### Importing COCO data

In [None]:
from google.colab import drive
import os
drive.mount('/content/drive')
os.chdir('/content/drive/MyDrive/Colab Notebooks/PROJ_ERIC/')

In [None]:
import json
import numpy as np
import matplotlib.pyplot as plt
from tqdm.notebook import tqdm

In [None]:
def normalize(x, lim=255.):
    return (x-np.nanmin(x))/(np.nanmax(x)-np.nanmin(x))*lim

def adjust_rgb(img, perc_init=5, perc_final=95, nchannels=3):

    dim = img.shape
    adjusted_img = np.zeros((dim))

    if dim[-1] == nchannels:

        for n in range(nchannels):
            channel = img[:, :, n]
            perc_i = np.nanpercentile(channel, perc_init)
            perc_f = np.nanpercentile(channel, perc_final)
            channel = np.clip(channel, perc_i, perc_f)
            channel = normalize(channel, 1.)
            adjusted_img[:, :, n] = channel

    else:
        raise ValueError(f'The shape should be (M, N, {nchannels}).')


    return adjusted_img

In [None]:
def get_path(data, img_id):
    for dict_ in data['images']:
        if dict_['id'] == img_id:
            file_name = dict_['file_name']

    return file_name

In [None]:
def get_image(data, image_id, cat_id, folder='train', printit=False):
    # Get all fracture annotations for a given image

    mask_grid = []
    annotations = []
    for n, cid in enumerate(cat_id):

        annotation_ids = coco.getAnnIds(imgIds=image_id, catIds=cid)
        anns_ = coco.loadAnns(annotation_ids)
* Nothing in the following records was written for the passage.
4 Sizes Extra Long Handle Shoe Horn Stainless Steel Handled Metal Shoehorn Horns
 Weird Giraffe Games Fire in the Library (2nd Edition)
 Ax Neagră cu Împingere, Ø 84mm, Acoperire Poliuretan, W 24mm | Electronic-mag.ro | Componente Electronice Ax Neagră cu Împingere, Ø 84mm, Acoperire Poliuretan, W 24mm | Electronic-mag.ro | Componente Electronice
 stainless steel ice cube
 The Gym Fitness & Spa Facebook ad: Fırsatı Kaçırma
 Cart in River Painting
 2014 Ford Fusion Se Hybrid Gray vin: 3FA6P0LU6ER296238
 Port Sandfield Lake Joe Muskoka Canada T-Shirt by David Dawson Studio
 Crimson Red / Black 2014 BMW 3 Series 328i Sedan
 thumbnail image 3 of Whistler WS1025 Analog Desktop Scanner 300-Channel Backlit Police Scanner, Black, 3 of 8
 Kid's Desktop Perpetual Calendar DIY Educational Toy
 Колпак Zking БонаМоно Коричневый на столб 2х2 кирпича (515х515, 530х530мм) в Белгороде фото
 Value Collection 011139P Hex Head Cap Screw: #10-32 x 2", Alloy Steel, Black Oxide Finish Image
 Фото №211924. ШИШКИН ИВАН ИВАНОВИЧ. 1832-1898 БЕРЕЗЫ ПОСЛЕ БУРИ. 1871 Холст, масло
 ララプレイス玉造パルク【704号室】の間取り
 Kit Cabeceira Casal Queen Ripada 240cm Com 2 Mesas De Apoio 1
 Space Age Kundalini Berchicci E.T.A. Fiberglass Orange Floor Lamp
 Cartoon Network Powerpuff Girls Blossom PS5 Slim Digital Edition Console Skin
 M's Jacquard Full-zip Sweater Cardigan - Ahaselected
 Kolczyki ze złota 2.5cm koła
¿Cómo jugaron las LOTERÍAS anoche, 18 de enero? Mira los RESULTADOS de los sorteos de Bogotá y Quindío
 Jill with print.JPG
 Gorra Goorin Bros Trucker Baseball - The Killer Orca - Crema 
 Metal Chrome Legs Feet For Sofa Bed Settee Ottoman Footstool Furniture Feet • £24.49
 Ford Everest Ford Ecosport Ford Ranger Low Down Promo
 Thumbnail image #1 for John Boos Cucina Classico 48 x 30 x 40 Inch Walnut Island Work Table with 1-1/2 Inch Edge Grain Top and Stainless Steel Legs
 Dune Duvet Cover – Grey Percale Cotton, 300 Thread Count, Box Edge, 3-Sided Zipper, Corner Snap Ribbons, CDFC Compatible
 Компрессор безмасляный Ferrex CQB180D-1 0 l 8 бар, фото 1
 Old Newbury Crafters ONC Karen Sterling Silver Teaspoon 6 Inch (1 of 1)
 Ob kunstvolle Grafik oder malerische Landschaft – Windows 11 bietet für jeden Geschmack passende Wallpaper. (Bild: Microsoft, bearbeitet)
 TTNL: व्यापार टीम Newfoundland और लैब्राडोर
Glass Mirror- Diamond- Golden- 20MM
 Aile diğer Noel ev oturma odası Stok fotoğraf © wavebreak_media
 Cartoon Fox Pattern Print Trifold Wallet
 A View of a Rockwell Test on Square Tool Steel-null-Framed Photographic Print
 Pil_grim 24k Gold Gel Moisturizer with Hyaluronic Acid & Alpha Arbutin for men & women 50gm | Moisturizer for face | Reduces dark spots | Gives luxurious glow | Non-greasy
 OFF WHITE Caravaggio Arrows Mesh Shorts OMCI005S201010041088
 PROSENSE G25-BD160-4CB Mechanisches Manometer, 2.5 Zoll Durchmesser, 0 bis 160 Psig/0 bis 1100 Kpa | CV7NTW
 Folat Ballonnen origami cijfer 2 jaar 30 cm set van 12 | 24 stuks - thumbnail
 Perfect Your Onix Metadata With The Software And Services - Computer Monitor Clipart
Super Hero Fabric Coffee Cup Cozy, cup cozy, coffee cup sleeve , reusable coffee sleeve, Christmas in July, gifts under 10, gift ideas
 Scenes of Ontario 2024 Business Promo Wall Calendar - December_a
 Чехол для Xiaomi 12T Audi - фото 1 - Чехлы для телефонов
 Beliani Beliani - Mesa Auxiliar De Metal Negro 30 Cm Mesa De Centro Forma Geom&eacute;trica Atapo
        file_path = get_path(data, image_id)
        prefix = file_path[:9].strip()
        images_path = os.path.join(folder, prefix, file_path)

        if printit:
            print(f'img_path: {images_path}/ - img-id:{image_id}')

        image = Image.open(images_path)
        image = np.array(image)
        ny, nx = image.shape[:2]

        if len(anns_) > 0:
            mask = coco.annToMask(anns_[0])
            for i in range(len(anns_)):
                mask += coco.annToMask(anns_[i])

            unique, counts = np.unique(mask, return_counts=True)
            mask_grid.append(np.where(mask == np.argmax(counts), 0., n+1))

        else:
            mask_grid.append(np.zeros((ny, nx)))

        annotations += anns_

    if len(mask_grid) > 0:
        mask_grid = np.stack(mask_grid, -1)
    else:
        mask_grid = np.zeros((ny, nx, 3))

    return image, mask_grid, annotations

### Set directory

In [None]:
folder = 'json_files'
file = 'labels_20230703.json'
f = open(os.path.join(folder, file))
data = json.load(f)
print(data.keys())

In [None]:
print(data['categories'])

In [None]:
from pycocotools.coco import COCO

coco = COCO(os.path.join(folder, file))

# Get list of category_ids
category_ids = coco.getCatIds(['categories'])
print('ids: ', category_ids)

# Get list of images that contain annotations

cat_id = [0, 1, 2]
ids = []
for cid in cat_id:
    ids += coco.getImgIds(catIds=cid)

image_ids = np.unique(ids)
image_ids = list(image_ids)
#image_ids.remove(2)
#image_ids.remove(5)
#image_ids.remove(219)
print(image_ids)

>>
* 0 - fractures
* 1 - realgar
* 2 - veins

In [None]:
from PIL import Image
import matplotlib.patches as patches
from matplotlib.patches import Polygon
from matplotlib.collections import PatchCollection

#images = coco.loadImgs(image_ids[0])
img_id = np.random.choice(image_ids, size=1)[0]
image, mask, anns = get_image(data, img_id, cat_id=cat_id, folder='SELECTION FORAGES SUNRISE', printit=True)
if 0 not in cat_id:
  mask = np.stack([mask[:, :, 0], mask[:, :, 2], mask[:, :, 1]]).swapaxes(0, 1).swapaxes(1, 2)
print(img_id)

fig, ax = plt.subplots(1, 2, figsize=(20, 10))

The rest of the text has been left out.